The Bayesian evidence interval

First, the Bayesian evidence interval is required for the FBET. Let \(s(\theta):=\frac{p(\theta|x)}{r(\theta)}\) be the surprise function of the Pereira-Stern FBST with a given reference function \(r(\theta)\) and tangential set \(\overline{T}(\nu):=\{\theta \in \Theta|s(\theta)> \nu \}\) to the null hypothesis \(H_0:\theta=\theta_0\). The expanded tangential set is defined as \(\tilde{\overline{T}}(\nu)=\{\theta \in \Theta|s(\theta)\geq \nu \}\), which in contrast to \(\overline{T}(\nu)\) also includes the parameter values \(\theta\) for which \(s(\theta)= \nu\).

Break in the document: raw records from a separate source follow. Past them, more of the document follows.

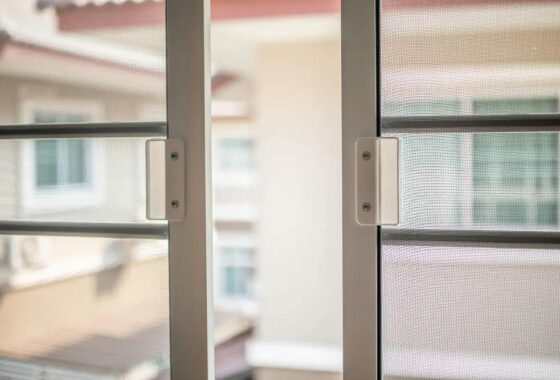 Петли для алюминиевых дверей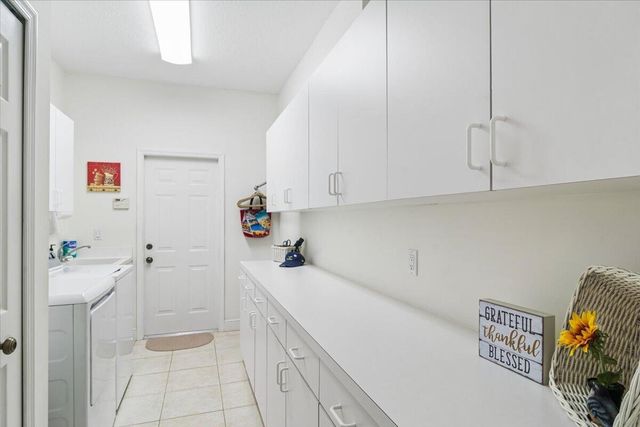 8004 Links Way, Port St. Lucie, FL 34986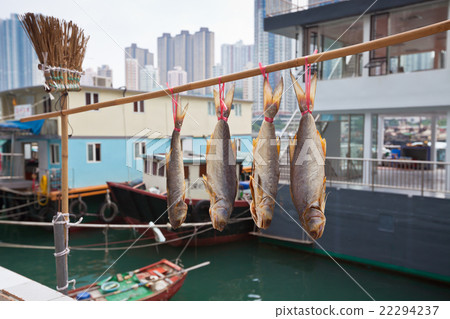 Floating village in the Aberdeen bay in Hong Kong 22294237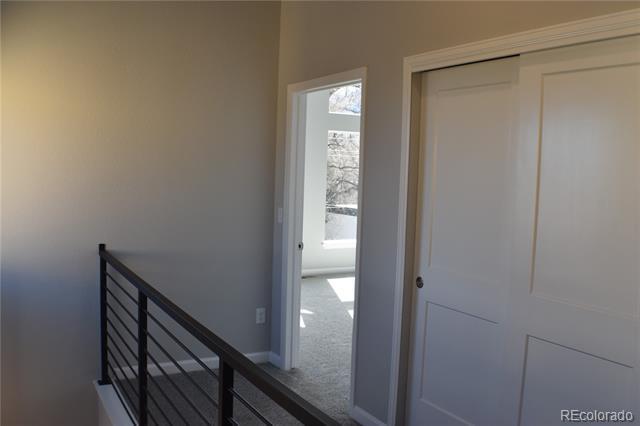 Building Photo - 18 E St Elmo Ave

The Bayesian evidence interval \(\text{EI}_r(\nu)\) with reference function \(r(\theta)\) to level \(\nu\) includes all parameter values \(\theta\) for which \(\theta \in \tilde{\overline{T}}(\nu)\).

It can be shown that the Bayesian evidence interval includes standard HPD intervals, support intervals and credible intervals as special cases.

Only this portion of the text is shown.